Przyczyną takiej sytuacji jest to, że polskie prawo i postępowanie upadłościowe są drogie i długotrwałe, przez co przedsiębiorcy rzadko z niego korzystają. Tymczasem dobre prawo upadłościowe jest ważną instytucją gospodarki rynkowej - twierdzi ekspertka. Takie prawo maksymalizuje wpływy gotówkowe do wierzycieli i udziałowców. W tym celu powoduje naprawę lub sprzedaż firmy w zależności, która z tych ścieżek maksymalizuje wpływy gotówkowe.

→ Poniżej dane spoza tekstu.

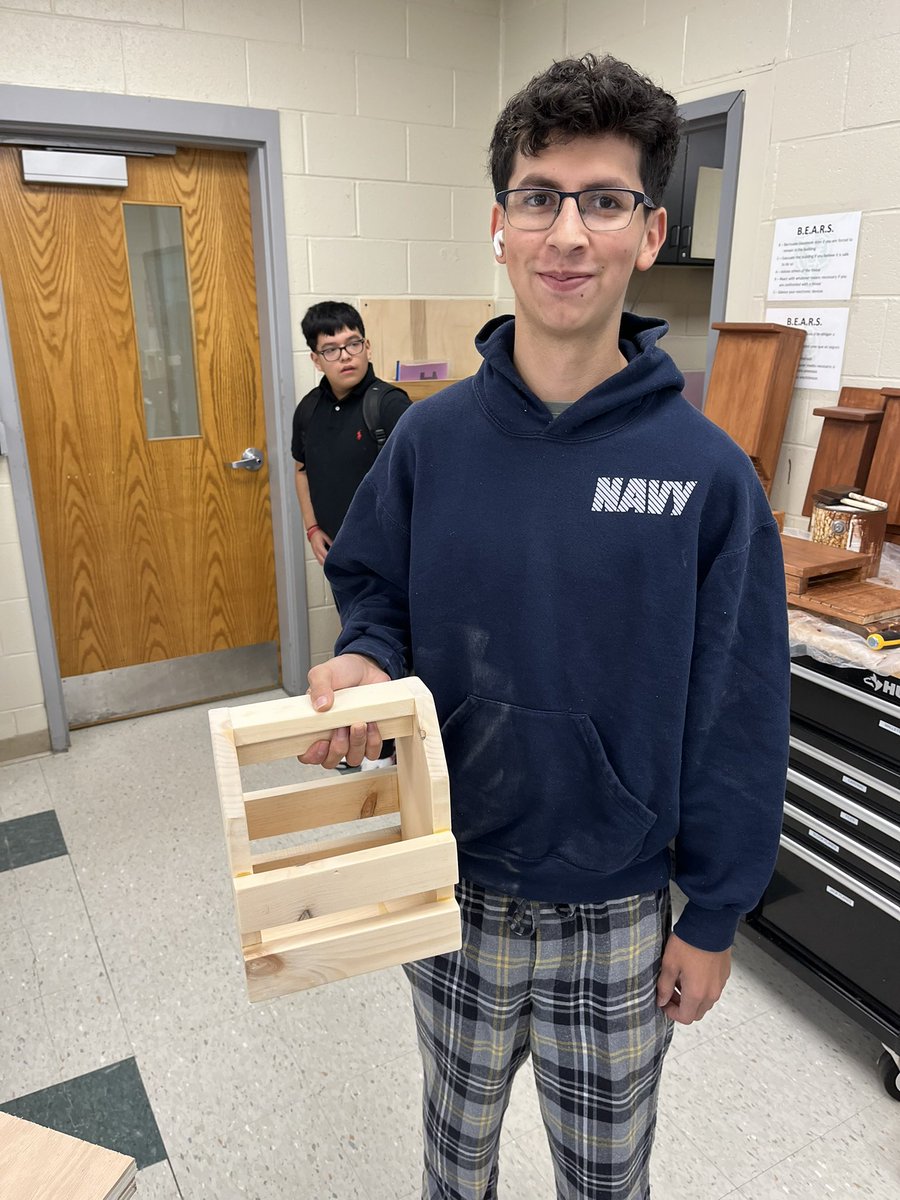 tradesclass's tweet image. Anthony from Home Repair made a spice carrier for the dinning table! He worked very hard on it! #cte #woodshop #kitchenproject @brewsterschools @BCSD_Asst_Supt @BCSD_BHSPrin @BCSD_BHS_AP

Odróżnia też przedsiębiorstwa, które mogą zostać uratowane
od bankrutów. Prawo musi wspierać firmy nadające się do uratowania, ale nie może tworzyć preferencji dla chronicznie nierentownych firm. Chroni wreszcie stabilność kolejności zaspakajania roszczeń wierzycieli, aby stworzyć kredytodawcom przewidywalność otoczenia oraz tworzyć bodźce do zachowań rozwijających gospodarkę.

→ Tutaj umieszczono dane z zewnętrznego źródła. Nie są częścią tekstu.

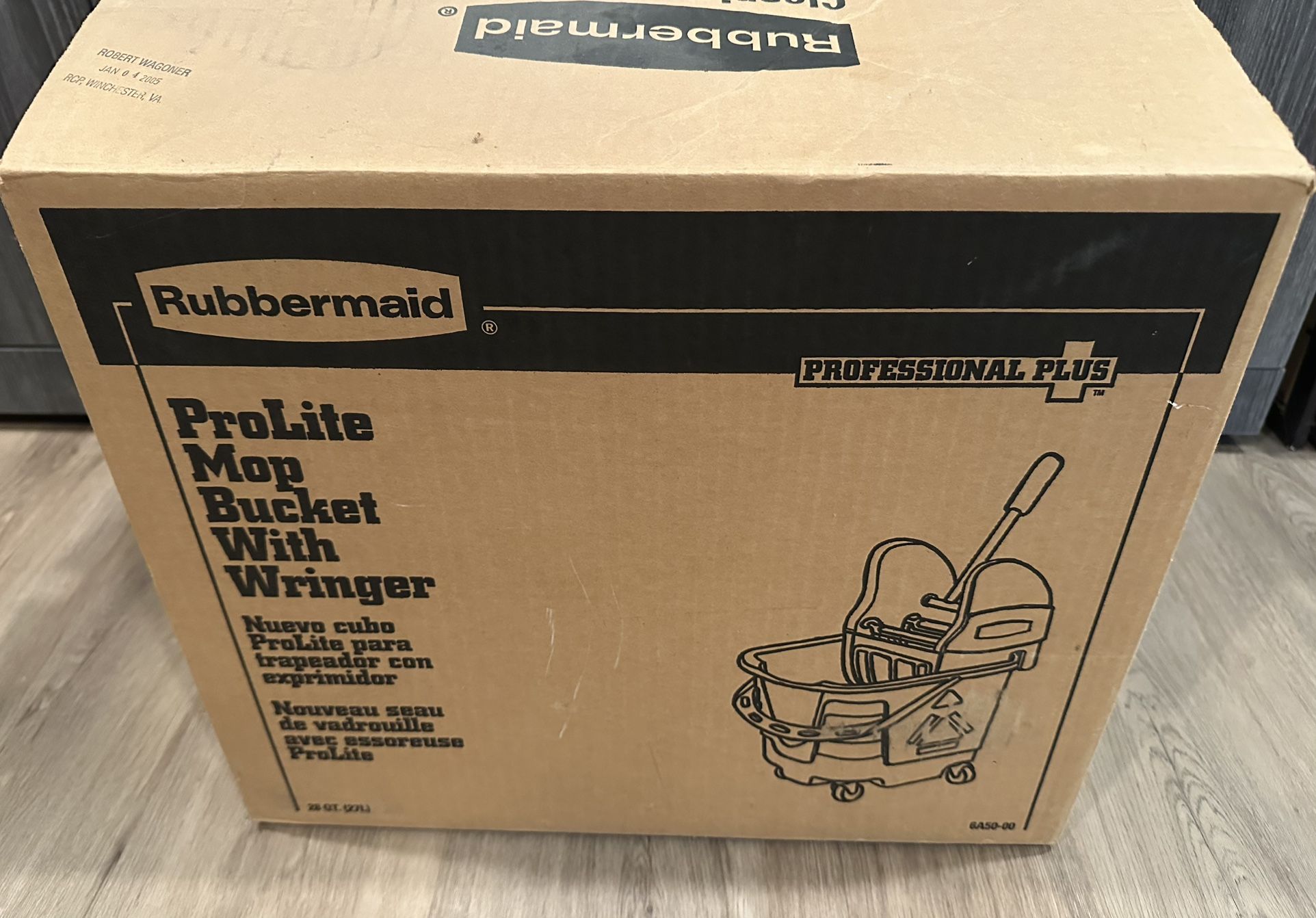 NewRubbermaid ProLite Mop Bucket with Wringer Professional Plus 28 Qt.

Niestety, polskie prawo i postępowanie upadłościowe są drogie i długotrwałe. Nowe prawo upadłościowe, które obowiązuje od października 2003 roku, powtarza grzechy starego prawa. Dlatego też polscy przedsiębiorcy rzadko korzystają z upadłości. A niewypłacalnie firmy wychodzą z rynku w sposób mniej sformalizowany i prawdopodobnie mniej efektywny – stwierdza autorka raportu.
Przedstawia w nim, jak rzadko korzystają z upadłości polscy przedsiębiorcy w porównaniu do ich europejskich odpowiedników. W większości krajów europejskich, także tych znacznie mniejszych od Polski, liczba upadłości osiąga nawet kilkadziesiąt tysięcy rocznie. Bezwzględna liczba upadłości w Polsce od lat jest jedną z najniższych w Europie, jest ich mniej tylko w Estonii i na Słowenii.